Earlier this year, back in that distant summer, I was fortuitous to mash F5 fast enough and secure a place on Make Play Code. Make Play Code is a free six-week course that gathers a few ladies—diverse in age and occupation—together once a week, introduces them to Unity, teaches them a bit of coding, and helps them each make a game. The group is primarily fuelled by baked goods, both from attendees’ kitchens and the ever-elusive Monsieur Kipling, hence its original moniker, ‘Unity and Cake’.
Run by the lovely Kerry Turner, assisted by the equally lovely (and Star Baker) Leanne Bayley, the course requires only that you bring a laptop as you climb the footstool from newbie to newbie with aspirations and vague understanding.
Here’s the breakdown of what we did:
Fire up Unity! Learn how components fit together, the horror of Unity Script, and the value of backing up your work.
Start turning your experiments into an inescapably surrealist game.
Add audio, title screens, a UI.
Frantically try to finish your
interactive nightmare game. Beg for assistance from Kerry and Leanne when you realise you’ve completely overreached, have no idea what you’re doing, and your code is the equivalent of that half-unravelled ball of string you keep in that drawer. Showcase your game to your Make Play Code comrades.
Snark aside, Make Play Code is really awesome. Everyone involved was lovely, helpful, and totally into it. And, weird as most of them were, the eight finished games were extremely impressive given that we knew naff all about game-making six weeks previously.

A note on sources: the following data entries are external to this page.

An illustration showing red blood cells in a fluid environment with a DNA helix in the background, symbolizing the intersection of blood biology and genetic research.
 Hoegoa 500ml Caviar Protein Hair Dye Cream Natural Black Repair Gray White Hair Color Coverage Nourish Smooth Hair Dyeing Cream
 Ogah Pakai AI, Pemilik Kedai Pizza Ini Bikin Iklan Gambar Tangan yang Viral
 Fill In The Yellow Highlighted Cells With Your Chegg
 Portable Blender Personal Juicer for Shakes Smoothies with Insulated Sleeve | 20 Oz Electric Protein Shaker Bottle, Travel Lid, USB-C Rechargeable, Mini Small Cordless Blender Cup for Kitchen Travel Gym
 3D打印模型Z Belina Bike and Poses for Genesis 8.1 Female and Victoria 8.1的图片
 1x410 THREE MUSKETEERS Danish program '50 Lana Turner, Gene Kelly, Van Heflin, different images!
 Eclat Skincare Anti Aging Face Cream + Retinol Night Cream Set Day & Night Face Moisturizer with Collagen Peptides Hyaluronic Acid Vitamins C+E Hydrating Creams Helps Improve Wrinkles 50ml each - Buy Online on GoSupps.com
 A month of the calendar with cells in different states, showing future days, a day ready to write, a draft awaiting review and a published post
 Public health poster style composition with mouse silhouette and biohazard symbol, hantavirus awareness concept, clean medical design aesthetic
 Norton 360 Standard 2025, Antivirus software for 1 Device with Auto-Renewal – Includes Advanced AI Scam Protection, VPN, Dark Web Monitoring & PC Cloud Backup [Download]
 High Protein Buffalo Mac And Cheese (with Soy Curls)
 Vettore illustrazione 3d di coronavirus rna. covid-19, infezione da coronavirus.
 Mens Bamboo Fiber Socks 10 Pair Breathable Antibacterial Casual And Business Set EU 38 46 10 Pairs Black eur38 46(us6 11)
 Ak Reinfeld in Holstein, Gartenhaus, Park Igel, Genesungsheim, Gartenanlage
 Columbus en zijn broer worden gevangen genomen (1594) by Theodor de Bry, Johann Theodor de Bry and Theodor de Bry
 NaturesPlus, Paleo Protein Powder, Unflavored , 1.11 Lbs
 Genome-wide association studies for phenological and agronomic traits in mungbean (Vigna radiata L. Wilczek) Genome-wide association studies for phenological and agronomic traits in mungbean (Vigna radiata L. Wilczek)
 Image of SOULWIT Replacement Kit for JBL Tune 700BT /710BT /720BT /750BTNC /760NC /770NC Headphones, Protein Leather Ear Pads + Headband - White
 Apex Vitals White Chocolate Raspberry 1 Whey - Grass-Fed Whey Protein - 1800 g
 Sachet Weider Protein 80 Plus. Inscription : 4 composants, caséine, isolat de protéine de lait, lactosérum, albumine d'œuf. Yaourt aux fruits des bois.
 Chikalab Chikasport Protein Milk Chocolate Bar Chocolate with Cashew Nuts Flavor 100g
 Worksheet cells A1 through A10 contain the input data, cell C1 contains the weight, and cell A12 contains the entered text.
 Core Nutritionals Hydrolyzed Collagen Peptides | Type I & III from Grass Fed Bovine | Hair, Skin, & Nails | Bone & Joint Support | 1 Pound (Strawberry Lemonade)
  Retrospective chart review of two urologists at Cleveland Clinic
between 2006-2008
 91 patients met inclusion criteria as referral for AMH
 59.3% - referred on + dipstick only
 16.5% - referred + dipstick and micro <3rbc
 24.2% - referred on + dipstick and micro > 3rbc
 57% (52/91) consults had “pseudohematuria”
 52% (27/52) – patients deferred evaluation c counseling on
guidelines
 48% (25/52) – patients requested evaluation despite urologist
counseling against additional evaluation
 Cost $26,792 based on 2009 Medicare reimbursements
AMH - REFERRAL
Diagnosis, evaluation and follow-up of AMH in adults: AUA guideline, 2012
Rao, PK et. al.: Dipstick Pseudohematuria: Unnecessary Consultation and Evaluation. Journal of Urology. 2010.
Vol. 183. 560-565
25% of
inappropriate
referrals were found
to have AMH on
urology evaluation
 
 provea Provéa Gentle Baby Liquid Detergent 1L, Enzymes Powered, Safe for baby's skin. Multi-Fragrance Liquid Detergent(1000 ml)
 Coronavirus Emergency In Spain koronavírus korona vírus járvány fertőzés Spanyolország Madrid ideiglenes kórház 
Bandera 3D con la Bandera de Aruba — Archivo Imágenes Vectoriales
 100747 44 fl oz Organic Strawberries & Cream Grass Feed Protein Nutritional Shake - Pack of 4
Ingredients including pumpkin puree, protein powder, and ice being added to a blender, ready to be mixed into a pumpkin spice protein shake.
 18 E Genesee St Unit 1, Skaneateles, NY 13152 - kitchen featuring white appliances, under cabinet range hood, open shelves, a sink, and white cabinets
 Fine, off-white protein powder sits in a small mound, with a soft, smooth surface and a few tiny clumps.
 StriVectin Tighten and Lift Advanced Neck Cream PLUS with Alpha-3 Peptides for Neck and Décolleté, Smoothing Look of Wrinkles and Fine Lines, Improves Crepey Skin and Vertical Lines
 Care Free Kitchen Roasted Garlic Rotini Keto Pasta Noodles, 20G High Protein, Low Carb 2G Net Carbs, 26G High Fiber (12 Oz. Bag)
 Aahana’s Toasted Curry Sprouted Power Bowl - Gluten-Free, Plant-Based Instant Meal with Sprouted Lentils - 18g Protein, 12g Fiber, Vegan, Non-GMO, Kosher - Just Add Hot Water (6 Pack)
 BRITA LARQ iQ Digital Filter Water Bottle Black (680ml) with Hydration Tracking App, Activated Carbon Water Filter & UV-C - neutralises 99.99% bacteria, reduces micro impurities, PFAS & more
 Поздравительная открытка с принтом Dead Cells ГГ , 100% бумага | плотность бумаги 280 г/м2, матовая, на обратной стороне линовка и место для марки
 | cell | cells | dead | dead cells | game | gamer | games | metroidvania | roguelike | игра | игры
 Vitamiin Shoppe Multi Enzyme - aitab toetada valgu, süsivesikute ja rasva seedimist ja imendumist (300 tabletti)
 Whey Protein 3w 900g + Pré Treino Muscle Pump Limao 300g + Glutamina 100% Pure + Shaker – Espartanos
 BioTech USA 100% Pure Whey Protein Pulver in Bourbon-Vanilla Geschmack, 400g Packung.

My game is as finished as it’s likely to get, though it’s certainly riddled with problems. It is, for example, difficult to tell when you’ve collected enough things to reach the endgame; there’s no narrative; the bears don’t always adhere to gravity. And though we were shown how to make assets, everything in my game is from the Asset Store.
But the aim of the game (aha) was to get a strong enough grip on Unity to make a functional game, not necessarily a good one. I’ve done that, and that’s OK. Future projects can have higher aspirations.
I think having this knowledge of Unity is going to open up a whole new avenue, both work-wise and personally—particularly when I get it working with my Oculus Rift headset. I’m already working on a couple more little games and experiments (which I’ll post when I’m done), and have some great ideas for the heritage sector.
I’m feeling inspired and seeing lots of opportunities to try new things. It’s all rather exciting. Thanks, Make Play Code!